What is Accumulated Benefit Obligation (ABO)?
Accumulated Benefit Obligation (ABO) is a measurement of the liability of a company’s pension plan, assuming that the plan will terminate immediately.
The OECD Glossary of Statistical Terms defines ABO as:
“The actuarial present value of benefits, vested and non-vested, attributed to the pension formula to employee service rendered to a particular date, based on current salaries.”
Accumulated Benefit Obligation essentially calculates how much money the company would need to pay currently retired employees in pension benefits.
Additionally, it calculates the amount of benefits earned by current employees. Moreover, with current employees, it also takes into account their salaries and time working for the company.
Accumulated Benefit Obligation focuses on the present
Accumulated Benefit Obligation does not take future salary increases into account. In contrast, Projected Benefit Obligation (PBO) does include the effect of future rises in pay.
According to Arizona State University, liabilities in pension books come in two forms: accumulated benefit obligation and projected benefit obligation.
Accumulated benefit obligation is a measurement of pension liability taking into account the benefits for vested and non-vested employees at current salaries.
Projected benefit obligation, on the other hand, takes into account benefits for vested and non-vested employees, including any future increases in pay.

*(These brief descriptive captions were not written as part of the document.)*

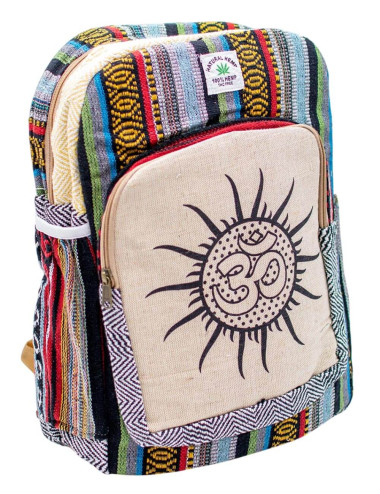mochila-cañamo-sol-om-colores-variados 2
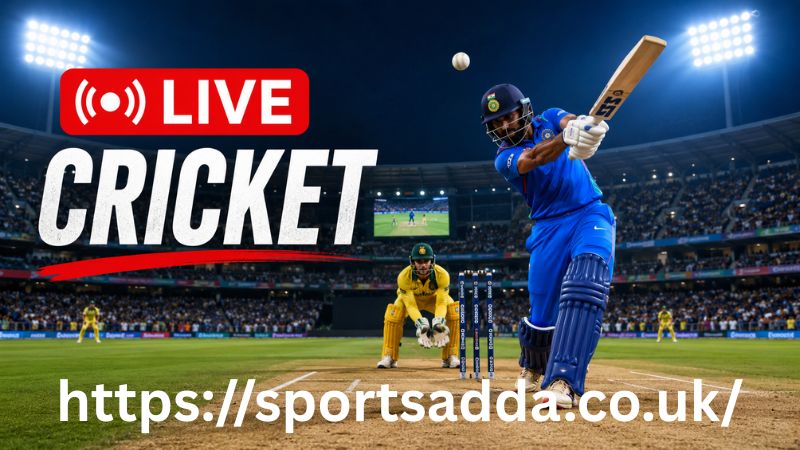 live cricket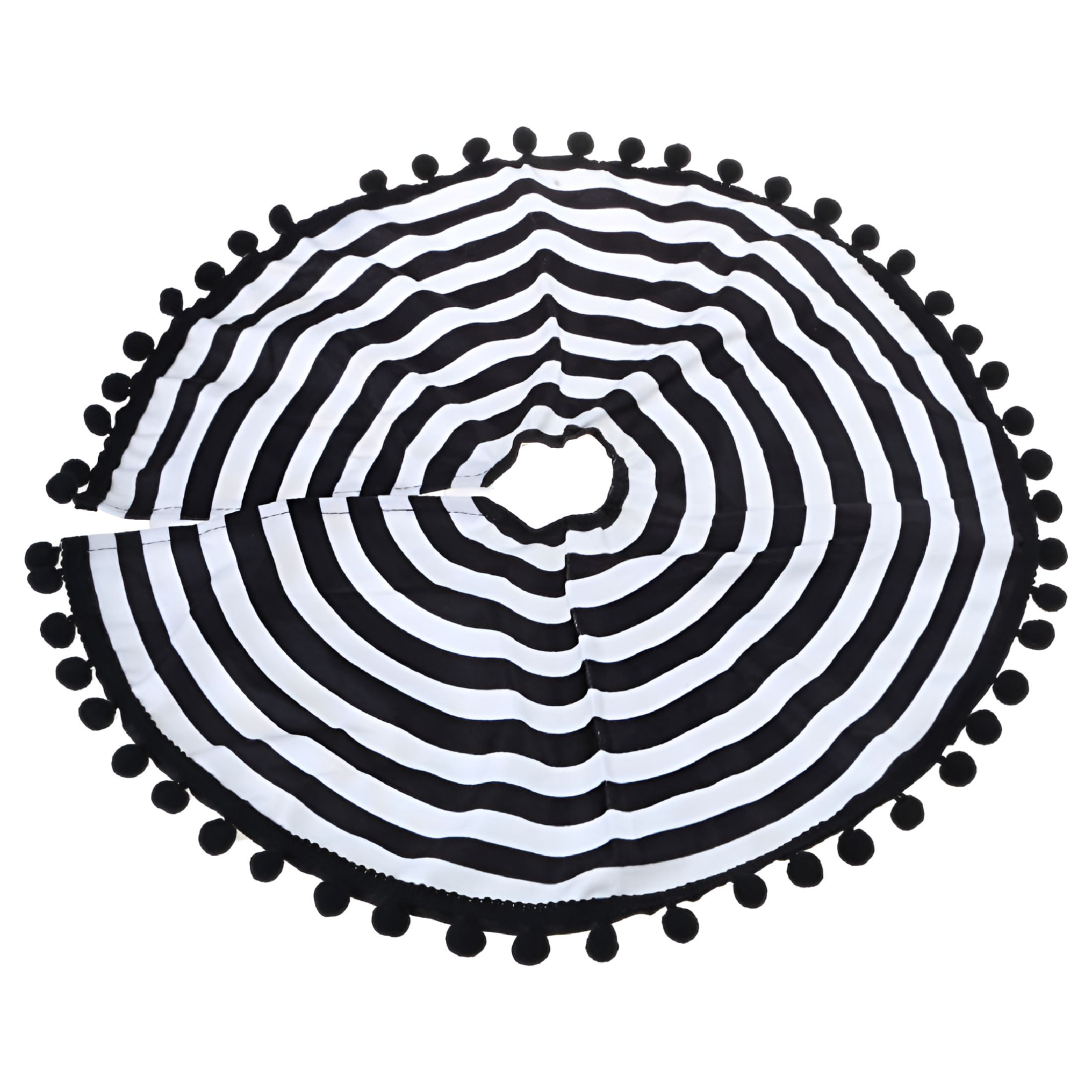 Black And White Tree Skirt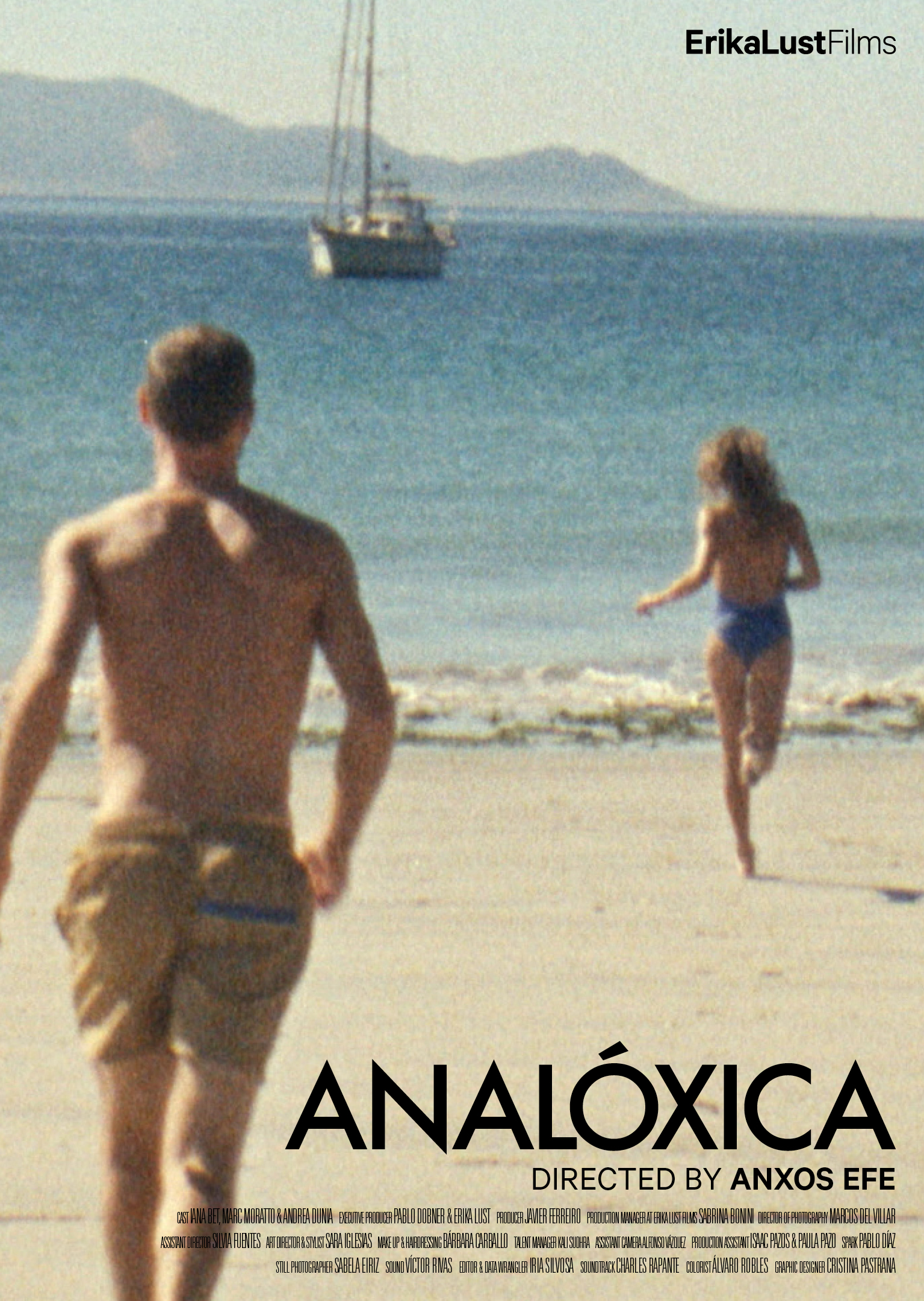 Analoxica - the Summer I Became a Pornographer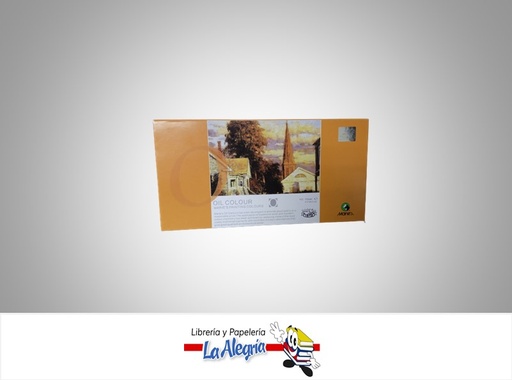 [6901893120865] PINTURA OLEO E1386B 12ML PAQ 12 UND MARCA MARIES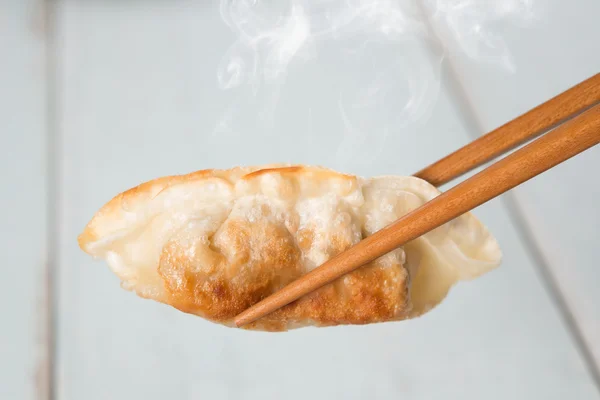 Cocina asiática albóndigas fritas — Foto de Stock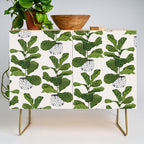 Fiddle leaf fig Tree Credenza Gallery Image 1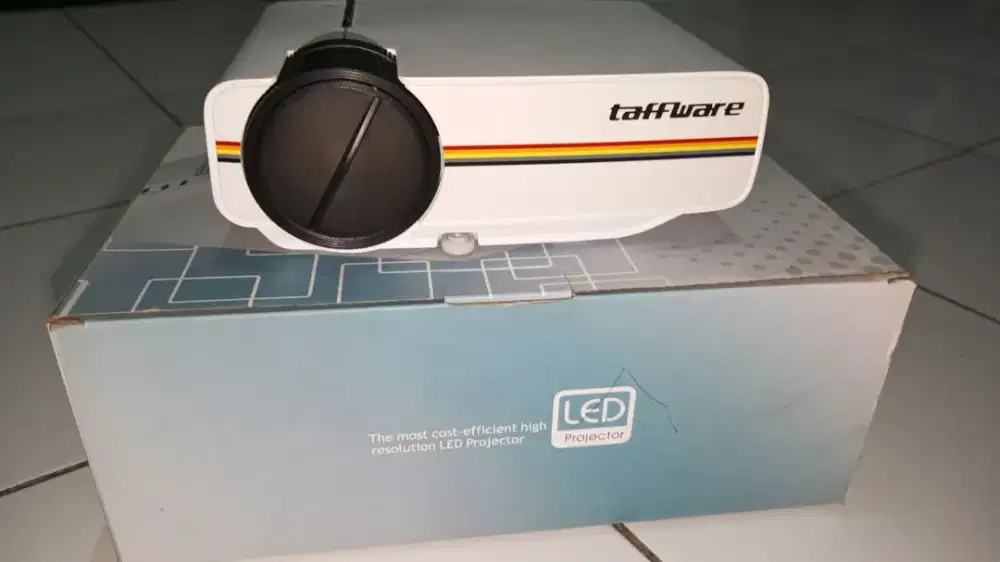 Projector LED Taftware
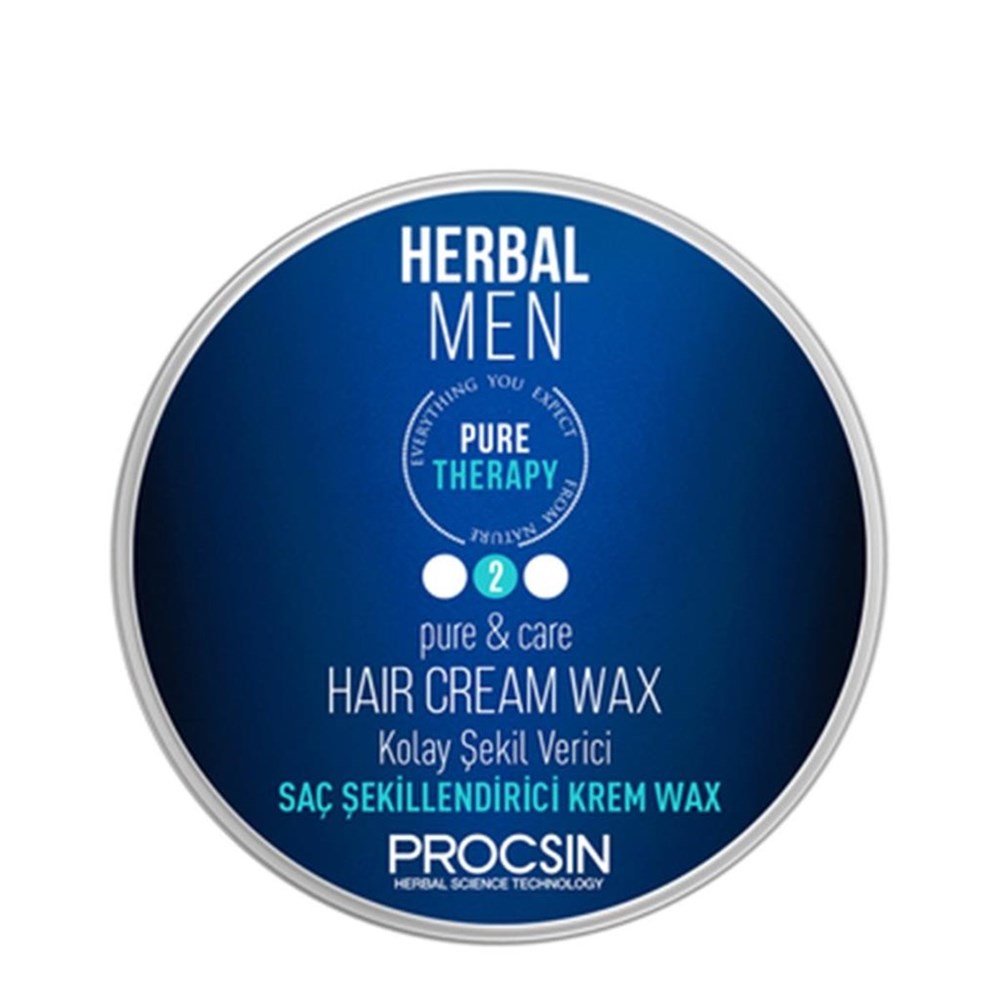 Procsin Men Pure Therapy Kolay Şekillendirici Krem Wax No 2 50 ML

In the United States, the FASB Statement of Financial Accounting Standards No. 87 requires companies to measure and disclose pension obligations.
Additionally, US firms must calculate and report the financial condition and performance of their plans. They must do this by the end of each accounting period.
** The FASB (Financial Accounting Standards Board) is an American private, non-profit organization standard-setting body.
“The only difference between the company’s projected benefit obligation (PBO) and its accumulated benefit obligation (ABO) is the value used for the employee’s compensation.”
“While the calculation of the ABO uses the employee’s current compensation, the PBO uses the employee’s projected compensation at retirement.”